Work item =>
All of the data below is to be copied again without changes.

Web page caption snippets:
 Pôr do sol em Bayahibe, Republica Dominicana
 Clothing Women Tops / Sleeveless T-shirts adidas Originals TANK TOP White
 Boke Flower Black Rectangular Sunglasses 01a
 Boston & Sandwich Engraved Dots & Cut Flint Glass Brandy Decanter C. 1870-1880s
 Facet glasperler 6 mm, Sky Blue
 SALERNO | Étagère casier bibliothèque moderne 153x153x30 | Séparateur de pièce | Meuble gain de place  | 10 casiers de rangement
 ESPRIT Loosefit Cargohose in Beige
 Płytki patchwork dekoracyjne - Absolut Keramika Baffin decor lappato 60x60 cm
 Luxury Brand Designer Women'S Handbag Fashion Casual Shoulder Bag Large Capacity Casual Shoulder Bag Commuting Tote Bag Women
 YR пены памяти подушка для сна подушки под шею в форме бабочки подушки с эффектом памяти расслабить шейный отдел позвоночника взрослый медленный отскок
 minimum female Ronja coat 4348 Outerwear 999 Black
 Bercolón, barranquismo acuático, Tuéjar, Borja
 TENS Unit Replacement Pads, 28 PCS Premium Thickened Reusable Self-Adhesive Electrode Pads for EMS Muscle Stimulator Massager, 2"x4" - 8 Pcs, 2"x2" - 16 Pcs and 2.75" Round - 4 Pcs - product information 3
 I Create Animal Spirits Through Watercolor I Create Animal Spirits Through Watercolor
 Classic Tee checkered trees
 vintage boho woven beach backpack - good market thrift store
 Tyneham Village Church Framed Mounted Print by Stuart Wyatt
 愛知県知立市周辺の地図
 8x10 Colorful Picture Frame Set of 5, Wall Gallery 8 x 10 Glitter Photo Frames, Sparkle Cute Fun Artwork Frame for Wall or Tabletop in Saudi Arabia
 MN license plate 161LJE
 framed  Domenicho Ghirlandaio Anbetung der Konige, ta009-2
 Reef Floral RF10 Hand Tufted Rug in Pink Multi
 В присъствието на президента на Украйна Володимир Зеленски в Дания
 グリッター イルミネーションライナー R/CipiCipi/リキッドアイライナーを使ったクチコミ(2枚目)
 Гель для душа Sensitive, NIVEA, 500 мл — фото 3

Solution to the exercise =>
 Pôr do sol em Bayahibe, Republica Dominicana
 Clothing Women Tops / Sleeveless T-shirts adidas Originals TANK TOP White
 Boke Flower Black Rectangular Sunglasses 01a
 Boston & Sandwich Engraved Dots & Cut Flint Glass Brandy Decanter C. 1870-1880s
 Facet glasperler 6 mm, Sky Blue
 SALERNO | Étagère casier bibliothèque moderne 153x153x30 | Séparateur de pièce | Meuble gain de place  | 10 casiers de rangement
 ESPRIT Loosefit Cargohose in Beige
 Płytki patchwork dekoracyjne - Absolut Keramika Baffin decor lappato 60x60 cm
 Luxury Brand Designer Women'S Handbag Fashion Casual Shoulder Bag Large Capacity Casual Shoulder Bag Commuting Tote Bag Women
 YR пены памяти подушка для сна подушки под шею в форме бабочки подушки с эффектом памяти расслабить шейный отдел позвоночника взрослый медленный отскок
 minimum female Ronja coat 4348 Outerwear 999 Black
 Bercolón, barranquismo acuático, Tuéjar, Borja
 TENS Unit Replacement Pads, 28 PCS Premium Thickened Reusable Self-Adhesive Electrode Pads for EMS Muscle Stimulator Massager, 2"x4" - 8 Pcs, 2"x2" - 16 Pcs and 2.75" Round - 4 Pcs - product information 3
 I Create Animal Spirits Through Watercolor I Create Animal Spirits Through Watercolor
 Classic Tee checkered trees
 vintage boho woven beach backpack - good market thrift store
 Tyneham Village Church Framed Mounted Print by Stuart Wyatt
 愛知県知立市周辺の地図
 8x10 Colorful Picture Frame Set of 5, Wall Gallery 8 x 10 Glitter Photo Frames, Sparkle Cute Fun Artwork Frame for Wall or Tabletop in Saudi Arabia
 MN license plate 161LJE
 framed  Domenicho Ghirlandaio Anbetung der Konige, ta009-2
 Reef Floral RF10 Hand Tufted Rug in Pink Multi
 В присъствието на президента на Украйна Володимир Зеленски в Дания
 グリッター イルミネーションライナー R/CipiCipi/リキッドアイライナーを使ったクチコミ(2枚目)
 Гель для душа Sensitive, NIVEA, 500 мл — фото 3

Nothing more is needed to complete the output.